Doony & Me

Never Forget A Thing

Life is busy.

Between work deadlines, family commitments, grocery runs, and that dentist appointment you’ve been putting off since 2023, it’s genuinely hard to keep track of everything.

That’s where Apple Reminders comes in – a deceptively powerful little app that lives quietly on your iPhone, iPad, and Mac, ready to be your most reliable (and patient) personal assistant.

Here’s a tour of what it can do.


📋 The Basics: Creating Reminders

At its heart, Reminders is exactly what it sounds like – a place to jot things down so your brain doesn’t have to hold onto them. Creating a reminder is delightfully simple.

∙ Type a task, tap the return key, and you’re done

∙ Add a due date and time so you get an alert at the right moment

∙ Use Siri to create reminders hands-free: “Hey Siri, remind me to call Mum at 6pm”

∙ Add notes to a reminder for extra context – handy for things like a colleague’s phone number or a recipe link

Real-world use case: Sarah has a habit of thinking of important tasks while she’s driving. Rather than pulling over (or forgetting entirely), she says “Hey Siri, remind me to send the invoice when I get home” – and sure enough, it pings her the moment she pulls into her driveway.


📍 Location-Based Reminders

This is where Reminders starts to feel genuinely clever. You can set a reminder to trigger not at a specific time, but at a specific place.

Real-world use case: Tom always forgets to pick up milk on the way home from the gym. He sets a location reminder triggered when he’s near his local Tesco – no more arriving home empty-handed.


🔁 Recurring Reminders

Some things need to happen again and again. Recurring reminders mean you only have to set it once.

Real-world use case: Every month, Emma needs to submit her timesheets. A recurring reminder on the last working Friday of the month means she never misses the deadline – and her payroll team loves her for it.


🏷️ Lists and Organisation

Reminders lets you organise tasks into separate lists, so everything has its place.

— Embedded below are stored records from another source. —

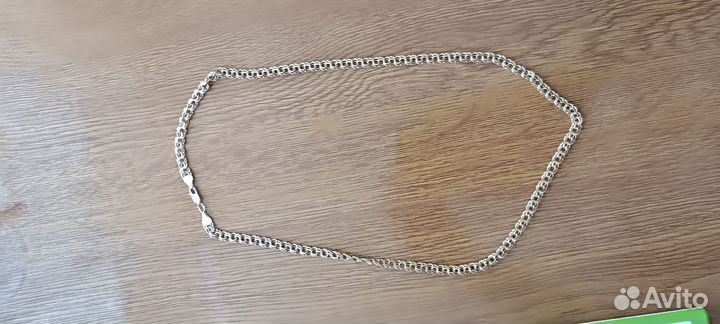 Цепочка золотая мужская 585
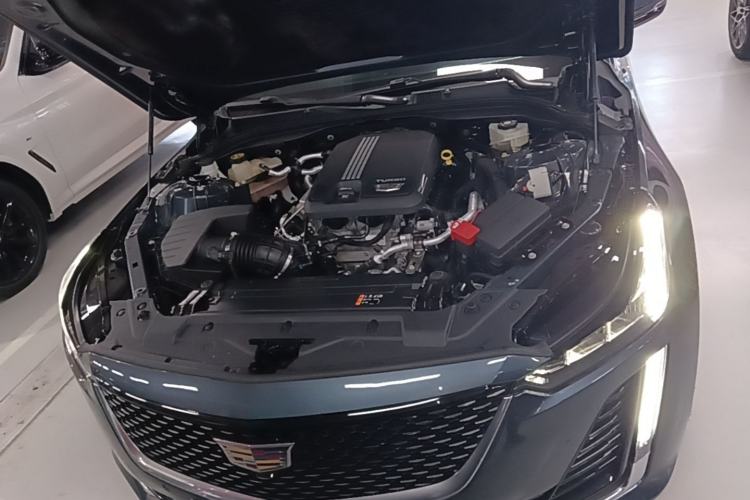Used Cadillac CT5 2020 Revised Version 28T Luxury Edition Engine Bay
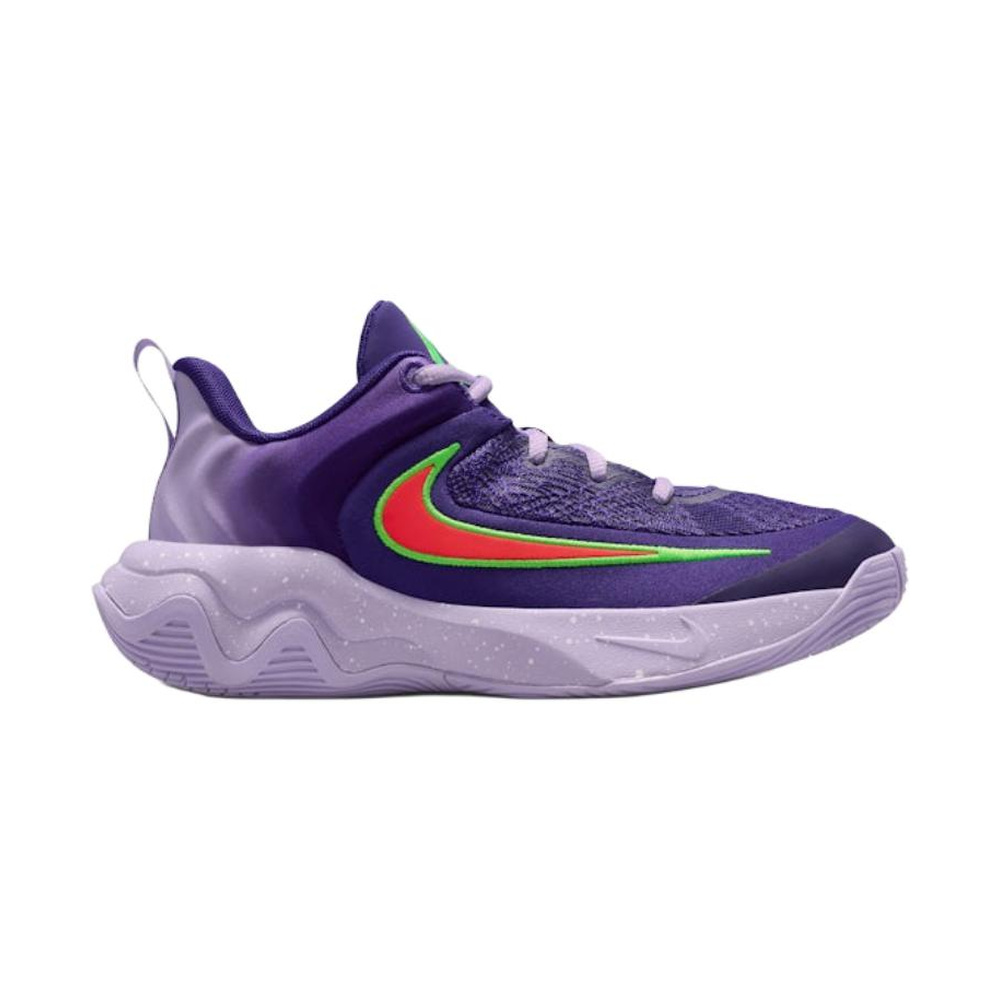 Nike Giannis Immortality 4 'Court Purple / Hydrangeas / White / Bright Crimson' Унисекс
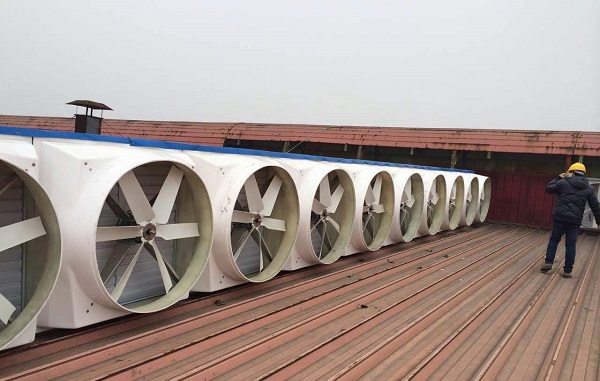 鋼結(jié)構(gòu)廠(chǎng)房降溫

Real-world use case: The family uses a shared Shopping list. Whoever is heading to the supermarket can see exactly what’s needed – added by any family member throughout the week. No more frantic texts asking “do we need eggs?”


🏷️ Tags

Tags are a flexible way to cross-reference reminders across different lists.

Real-world use case: Freelancer James tags all client-related tasks with the client’s name – #BrightStar, #NovaCo. When he needs to prep for a client call, he filters by that tag and instantly sees every outstanding task for that client, no matter which list it lives in.


📎 Attachments and Rich Details

Reminders isn’t just text – you can make your tasks genuinely informative.

Real-world use case: When Rachel books a hotel for a work trip, she adds the confirmation email screenshot as an attachment to her “Travel” reminder. Everything she needs is right there when she checks in.


🤝 Collaboration and Sharing

You don’t have to keep Reminders to yourself.

Real-world use case: A group of friends planning a birthday party shares a single Reminders list. One person adds “book restaurant,” another ticks off “order cake,” and everyone can see progress without a single group chat message getting buried.


⏰ Time-Sensitive Alerts and Flagging

When something really matters, Reminders has your back.

Real-world use case: During a big product launch week, developer Mike flags only the mission-critical tasks. Everything else stays in the list, but his Flagged view keeps him focused on what actually needs to happen today.


🌟 The Bottom Line

Apple Reminders has quietly grown from a simple to-do list into a genuinely capable productivity tool. Whether you’re managing a household, juggling work projects, or just trying to remember to water your plants every Thursday, it adapts to the way you work.

Best of all? It’s free, it’s already on your Apple devices, and it syncs seamlessly across all of them via iCloud. There’s really no reason not to give it a go.